New York-based artist Firelei Báez imagines how bodies (especially of women and people of color), landscapes and ornaments bear traces of colonial migration. Her dense, painterly compositions utilize figuration and patterning to evoke the hybrid foundations of identity, including her own. Born in 1981 near the Dominican Republic’s Haitian border, Báez as a child witnessed racial tensions play out between citizens of the two countries of Hispaniola (one predominantly Hispanic, one mostly black). Her family later moved to Miami, where she grappled with both the internecine identity struggles of the Caribbean diaspora and U.S. racism.
The series Can I Pass? Introducing the Paper Bag to the Fan Test (2010-12) hints at Báez’s navigation of social stratification based on phenotype. The title references two unscientific tests used to determine African heritage: measuring the lightness of an individual’s skin tone against a brown paper bag and the coarseness of one’s hair based on whether it flows straight back from a fan’s breeze. Báez produced daily drawings of her own silhouetted head, systematically illustrating the different ways she styled her kinky hair and the variations in her skin tone. In each portrait, her eyes—unexpectedly peering out as if through a mask—gaze confrontationally at the viewer, while the rest of her head and shoulders are filled in with quick strokes of gouache. The work combines Conceptual seriality with the expressiveness of self-portraiture.
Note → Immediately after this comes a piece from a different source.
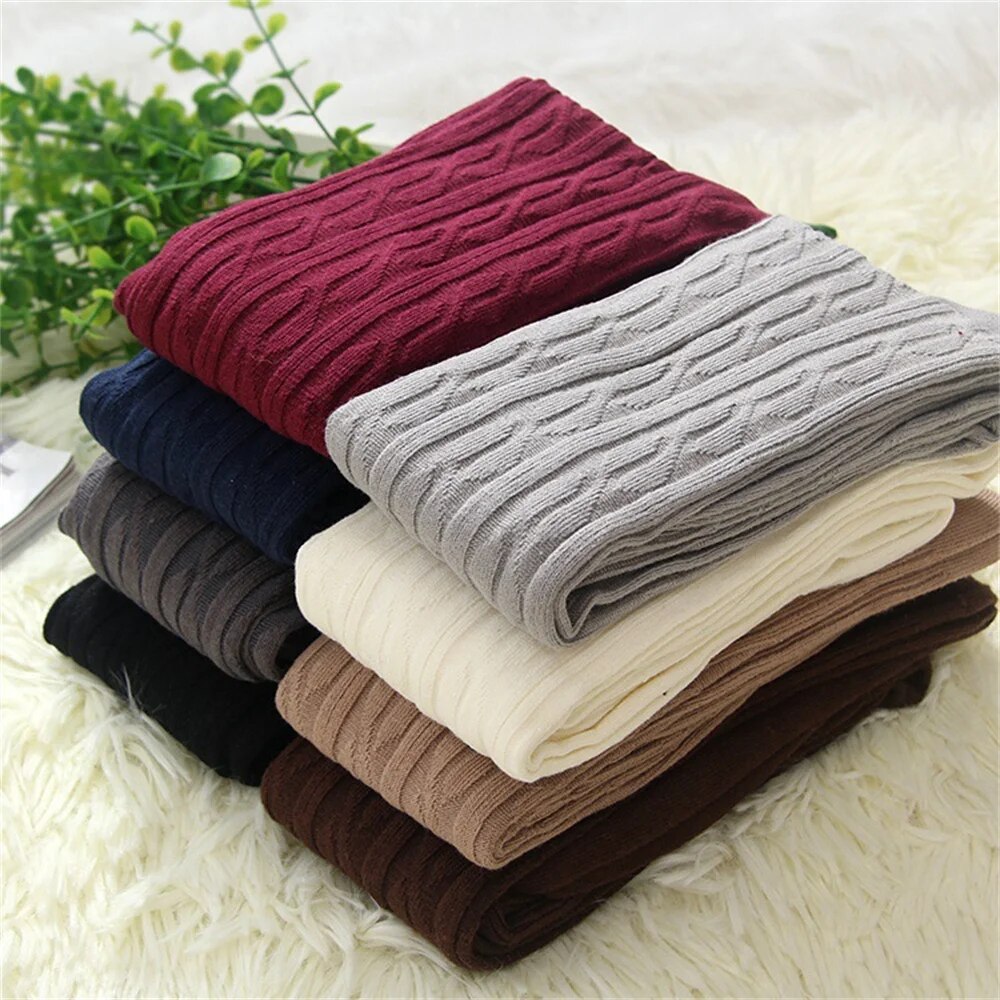 Spring and Autumn Japanese Over-the-knee Socks, Ladies Twist Stockings, Cotton Socks, College Style, Thin, High-tube Thigh Socks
Báez addresses the subversive potential of style and portraiture in various ways. A painting series called Geographic Delay (2010-ongoing) depicts ornately costumed women she scouted at Brooklyn’s West Indian American Day parade. Báez renders their skin tattooed with abstract decorative motifs as well as landscapes of Latin America, Asia and other homelands, suggesting how cultural identity is both performed and concealed. A recent group of paintings illustrate tignons, head coverings that 18th-century free women of African descent in Spanish-ruled Louisiana were mandated to wear over their hair. Meant to denote the women’s relationship to slaves and to deter lust, tignons became an element of high fashion as their wearers decorated them with luxurious imported fabrics, stylish knotting techniques, ribbons and baubles. In Báez’s Neoclassical-inspired portrait Sans-Souci (this threshold between a dematerialized and a historicized body), 2015, a woman is depicted with yellow, red and green patterns over her face and neck, evoking a streaky topography, while her fantastic tignon-like headdress, painted in neutral tones, contains patterned fabrics, twinned snakes (a global symbol of knowledge) and feathers.
The 2015 painting series Bloodlines reclaims the aesthetic and emancipatory potential of feminized, decorative elements. Báez has created indigo fabrics elaborating a cosmology of original symbols, which she then renders on large canvases. She juxtaposes resistance icons, such as a black panther and a socialist fist, with hair picks and the Latin American azabache fist, an emblem meant to ward off the evil eye.
Firelei Báez is featured in the solo exhibitions “Trust Memory Over History,” Jan. 27-Mar. 5, at Gallery Wendi Norris, San Francisco, Calif., and “Bloodlines,” on view at the Pérez Art Museum Miami through Mar. 6.